Point one is certainly true. Fresh is neither a necessary nor a sufficient condition to be perceived as upscale. But, certainly, there has been a shift in the food business and consumer perception. Specialty foods started out in the U.S. as being a lot of European imports, typically jarred or canned. Now the feeling of walking into an upscale store is that you are going to be surrounded by bakery and produce, floral, foodservice operations, a broad assortment of olives and artisanal cheeses. These are the cues that tell a consumer that this is an upscale venue. It is very difficult to imagine an upscale emporium that doesn’t do fresh.
Point two confirms our point. It is going to be very difficult to get consumers comfortable with the idea that Wal-Mart is the place to go for values when you live paycheck to paycheck but that it is also a great place for people with money to burn to buy their fashion-forward clothes.
Point three, with its reference to Gallo wines — an effort that has taken decades — points out that what Wal-Mart wants to do may be theoretically possible but is fraught with difficulties.
Point four reminds us that being two things at once isn’t only difficult for consumers to perceive. It is difficult for an organization to execute. If you know your job is to offer “Every Day Low Prices” to people who live paycheck to paycheck, you have a benchmark against which to evaluate your decisions. But if sometimes you are doing that and sometimes you are selling upscale people who are attracted to the store by a sale on hot toys, you lose any basis for deciding what products to carry, how to price things and, in general, lose focus.

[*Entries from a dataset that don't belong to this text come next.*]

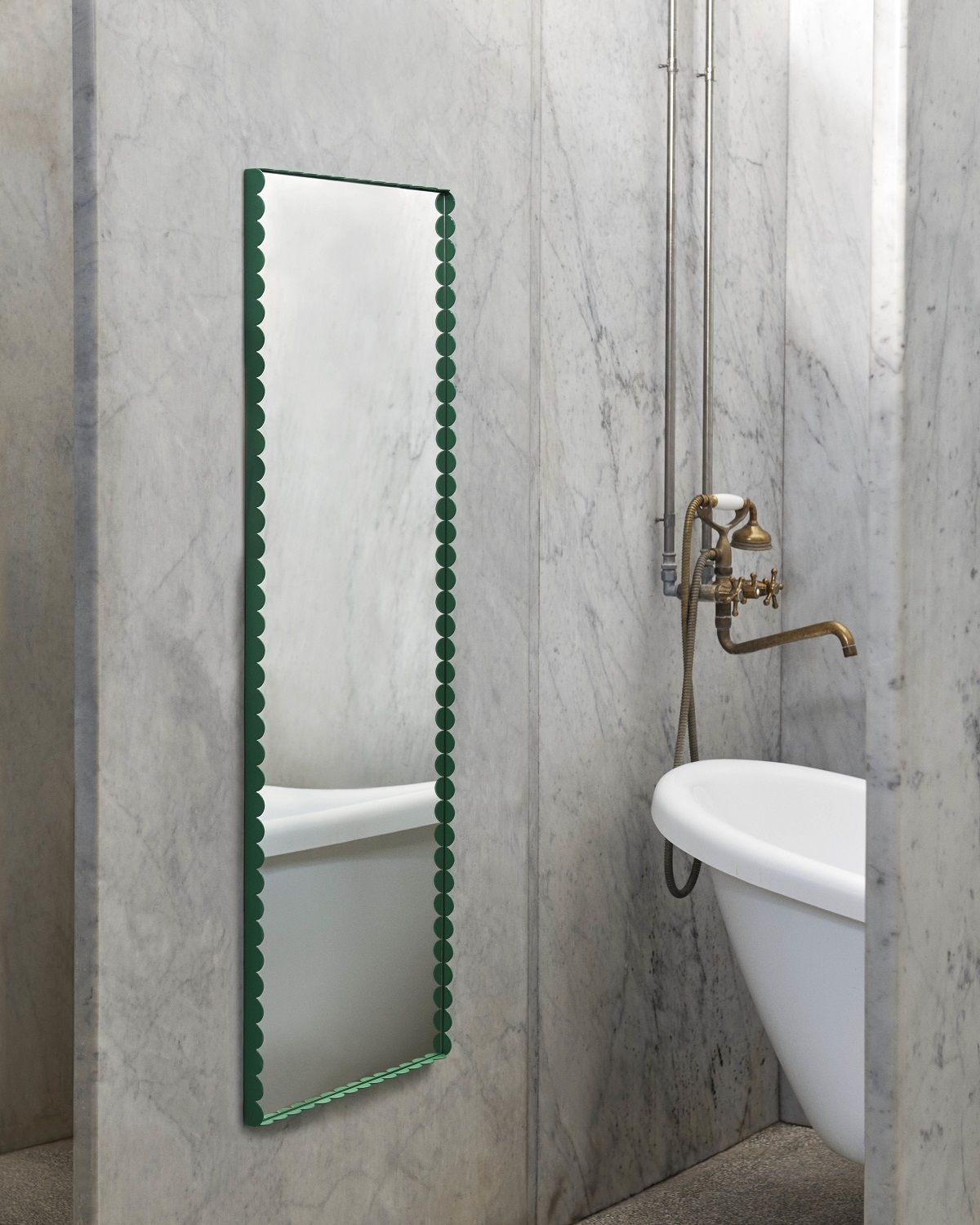 Arcs Mirror Rectangle Green/Burgundy Hay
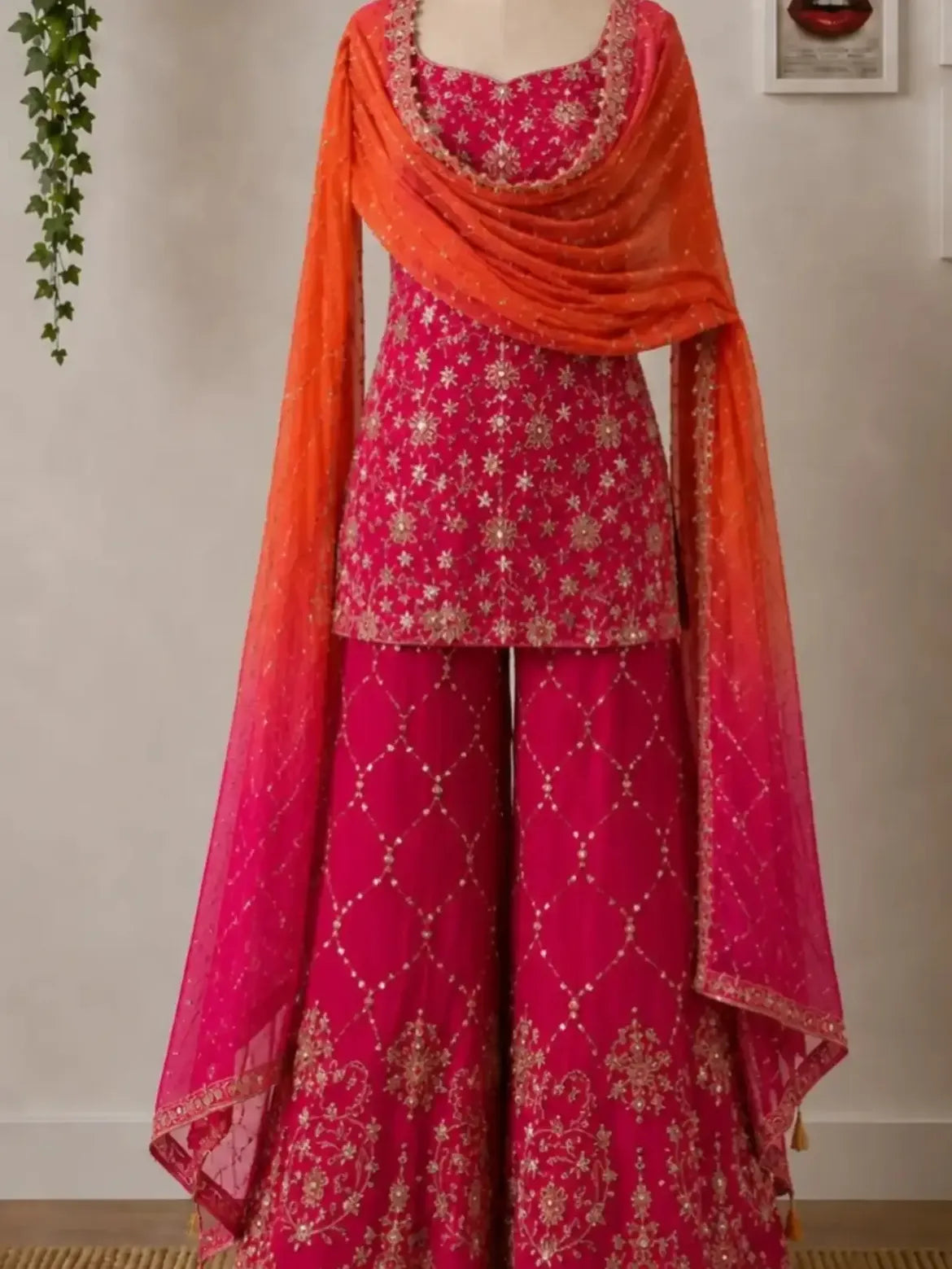 Fuchsia Embroidered Sharara Orange Dupatta Outfit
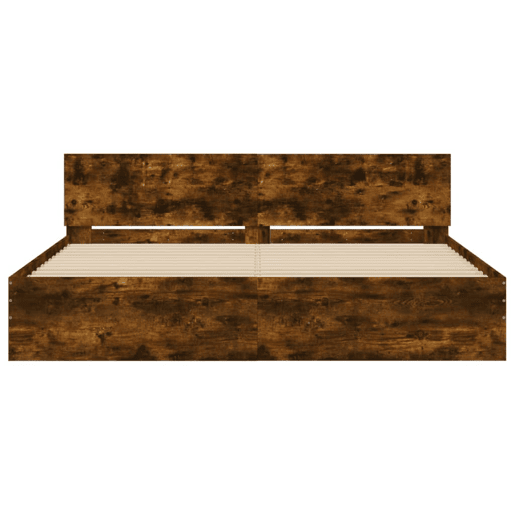 Estrutura de Cama de casal para adultos com cabeceira 160x200 cm carvalho fumado Estrutura de Cama de casal para adultos com cabeceira 160x200 cm carvalho fumado
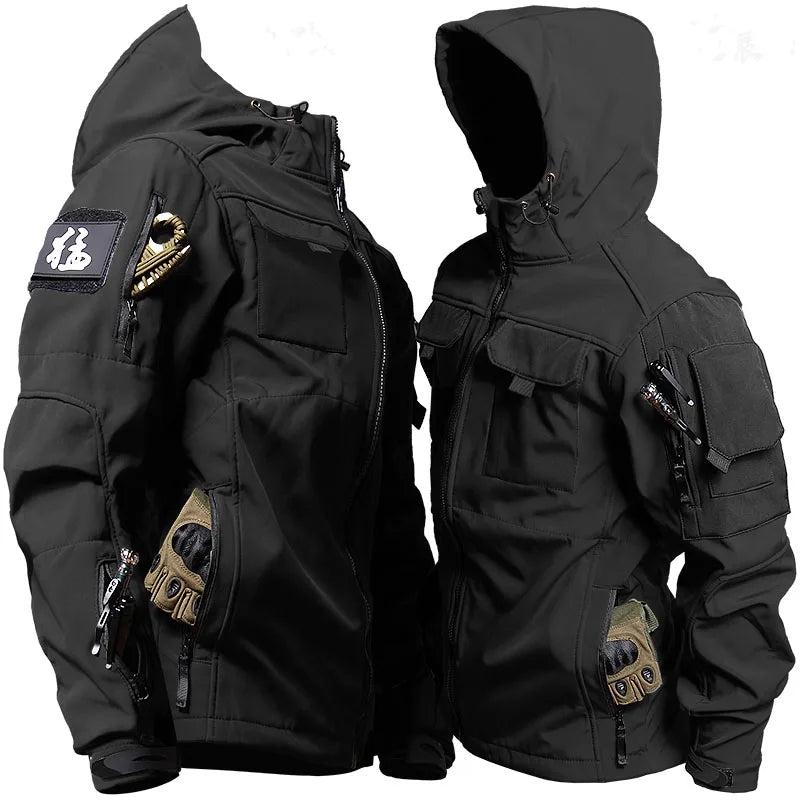 Men's Military-Inspired Tactical Jacket and Waterproof Cargo Pants Set for Outdoor Activities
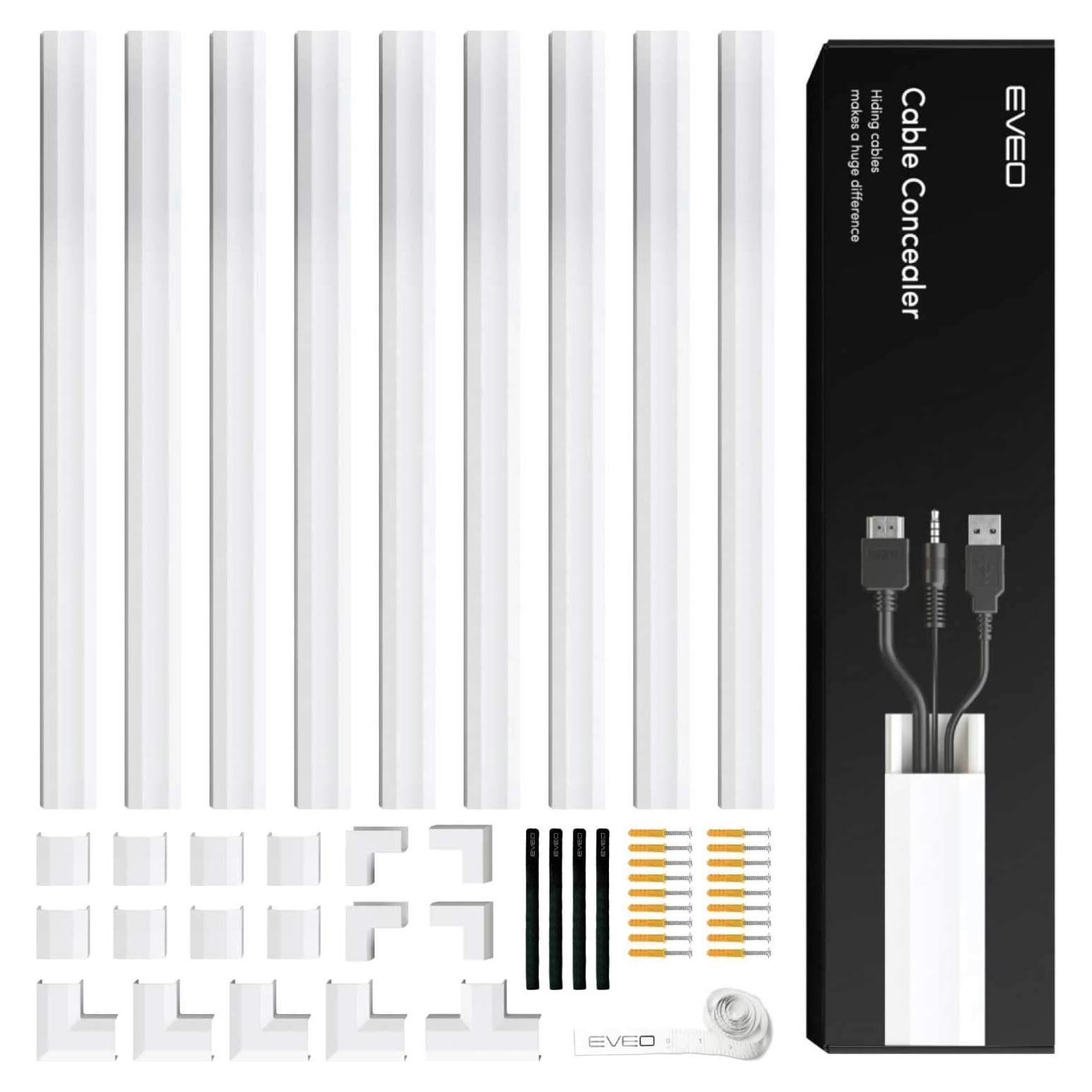 Ocultador de Cables EVEO 388,62 cm Blanco Pintable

Point five reminds us that many times retailers mess up the ownership of multiple concepts. This is typically because they lose sight of the consumer and are focused on logistics and supply chain management.
A&P got in trouble years ago after buying Waldbaum’s when it wanted to buy more efficiently and changed many specs to A&P specs. Business fell off and old-timers found themselves being called out of retirement to reinstitute old ways as the Waldbaum’s clientele rejected the A&P specs.
More recently, Safeway got in trouble as it purchased strong regional chains such as Dominick’s in Chicago, Randall’s in Texas and Genuardi’s in Pennsylvania — then proceeded to abandon much of the brand equity it purchased as it looked to gain production efficiencies by putting Safeway private label items in stores, even if consumers preferred the old stores’ private label brand.
Ownership doesn’t destroy a banner. It is owners who do.
Speaking of owners, we also received this note in regard to the same article:
This reminds me of a conversation I had with Ernest Gallo in another career about twenty years ago. He wanted to upscale the image of his wines. I explained to him that he’d spent a half billion dollars over a forty year period positioning Gallo as good cheap wine. (Remember Gallo Hearty Burgundy?) I told him it would take a generation and a billion dollars to accomplish this task. He said, “I better get started right away.” Family companies have options that public companies don’t.
— Frank McCarthy
Vice President of Marketing
Albert’s Organics/United Natural Foods
Indeed they do. Publicly held companies probably wouldn’t have the time horizon or willingness to pay the price to do what Gallo has done. Of course, I am not sure they should. What Gallo did was important to Earnest Gallo and worth it to him, because it was his name on the bottle.
A normal company would say it is not worth the effort to rehabilitate a name. It is cheaper and easier to just grab a new one. Which was our suggestion to Wal-Mart.